Reasons for Procedure
Breast surgical biopsy is done to examine a suspicious area in the breast. It may be done if any of the following are found:

  • Lump
  • Tissue thickening
  • Nipple abnormality
  • Discharge from the nipple
  • Abnormal ultrasound or mammogram image
The biopsy can identify the area as either benign (noncancerous) or malignant (cancerous).

Possible Complications
Complications are rare, but no procedure is completely free of risk. If you are planning to have a biopsy, your doctor will review a list of possible complications, which may include:

  • Bleeding
  • Infection
  • Bruising
  • Scarring
  • Tissue damage
  • Breast deformity
  • Numbness over the biopsy area
Some factors that may increase the risk of complications include:

Some factors that may increase the risk of complications include:

What to Expect
Prior to Procedure
Your doctor may do the following:

  • Physical exam, especially a breast exam
  • Blood tests
  • Mammogram and/or breast ultrasound
Leading up to the biopsy:

  • Talk to your doctor about your current medications. Certain medication may need to be stopped before the procedure.
  • Eat a light meal the night before your procedure. Do not eat or drink anything after midnight.
  • Shower the morning of the biopsy.
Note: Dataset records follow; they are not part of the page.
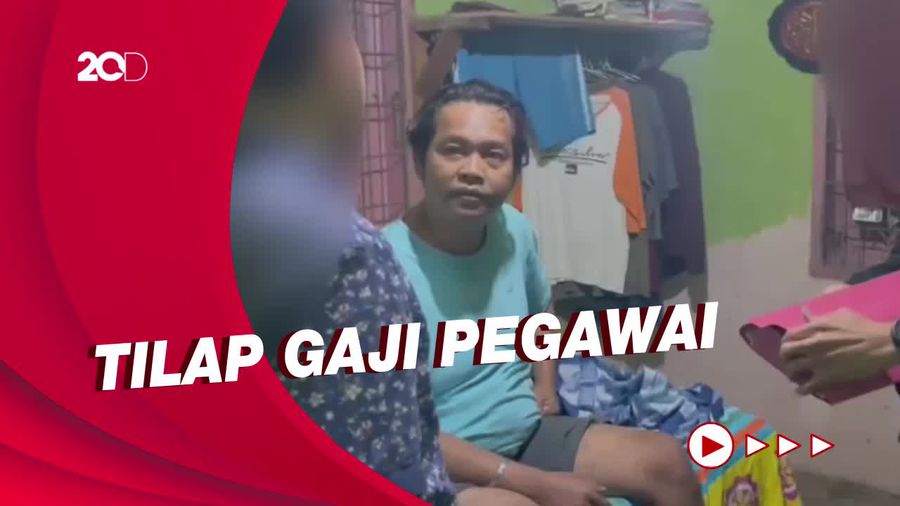 Tilap Gaji Pegawai Rp 264 Juta, ASN di Sumsel yang Buron Ditangkap
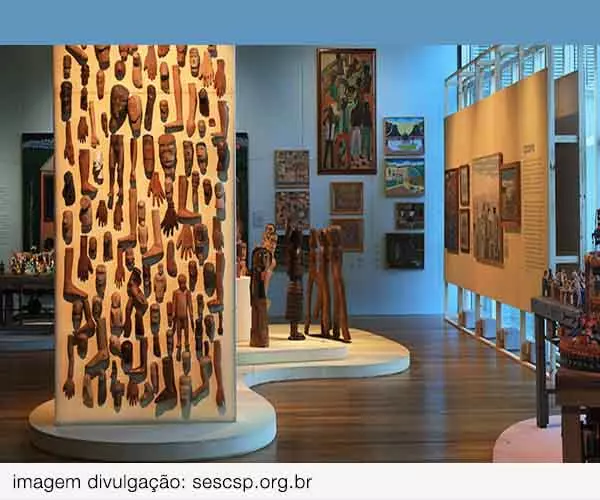 Foto de Eu sou o Brasil: artistas populares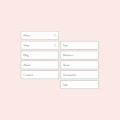 CSS-ONLY NESTED DROPDOWN NAVIGATION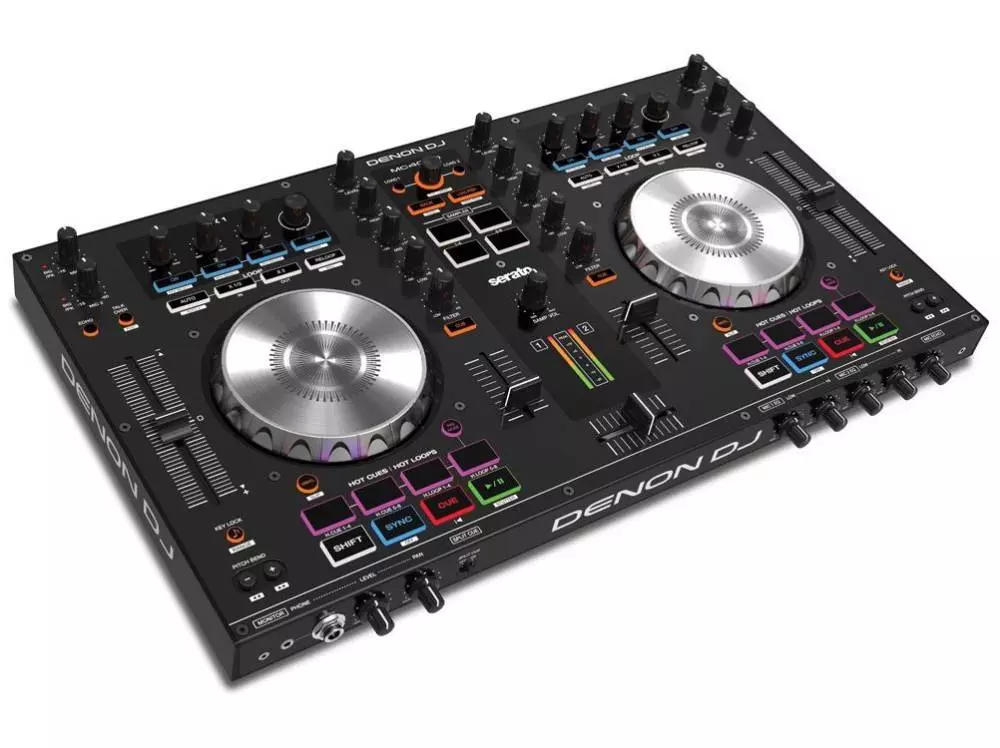 DN-MC4000 Professional 2-Channel, 2 Deck Controller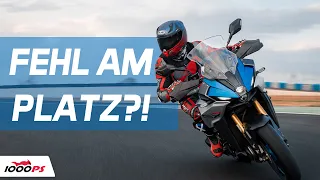 Tourenfahrer auf der Rennstrecke: Sportliche Experimente mit der Suzuki GSX-S1000GX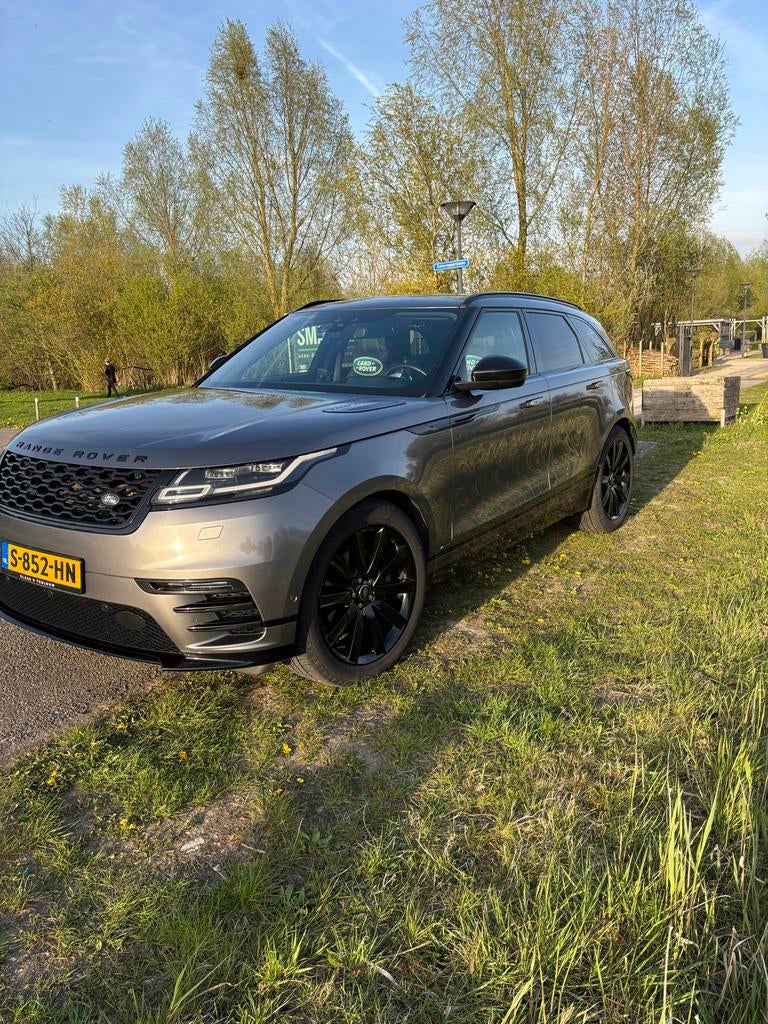 Land Rover Range Rover Velar 3.0 V6 300pk R-Dynamic 2019, Auto's, Land Rover, Automaat, Zwart, 2993 cc, 241 €/maand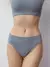 Бесшовные ажурные трусы женские слипы minimi mi 2241s french chic slip alto grigio, , 42/44 (XS/S), MINIMI, - 1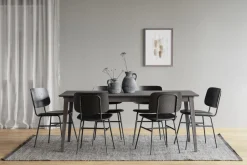 Matbord 'Filippa' 180x90cm - Brun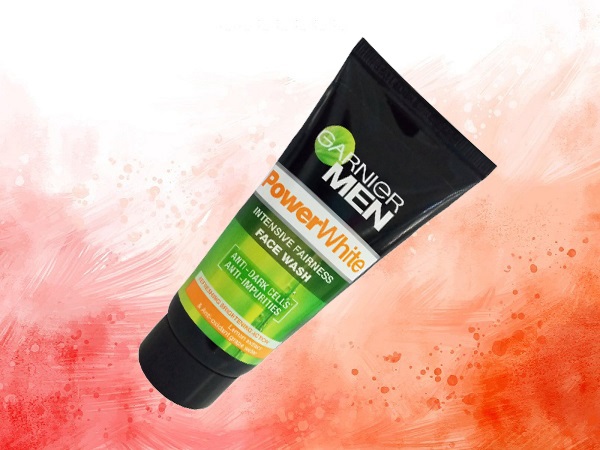 Garnier Men Power Light intenzív tisztaságú arclemosó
You may be asked to use a special antibacterial soap.
Anesthesia
You may receive the following types of anesthesia:

  • Local anesthesia—Only the area that is being operated on is numbed.
  • General anesthesia—You will be asleep during the procedure.
Description of the Procedure
There are different ways the doctor can remove the mass from your breast:

Open Breast Biopsy
You will be given either general or local anesthesia. The skin over the area will be cleaned. A small cut will be made over the area. A sample of the tissue or all of the mass will be removed. The site will be closed with stitches or staples. A bandage will be applied.

Open Breast Biopsy

If all of the mass is removed, then this type of biopsy may be referred to as a lumpectomy.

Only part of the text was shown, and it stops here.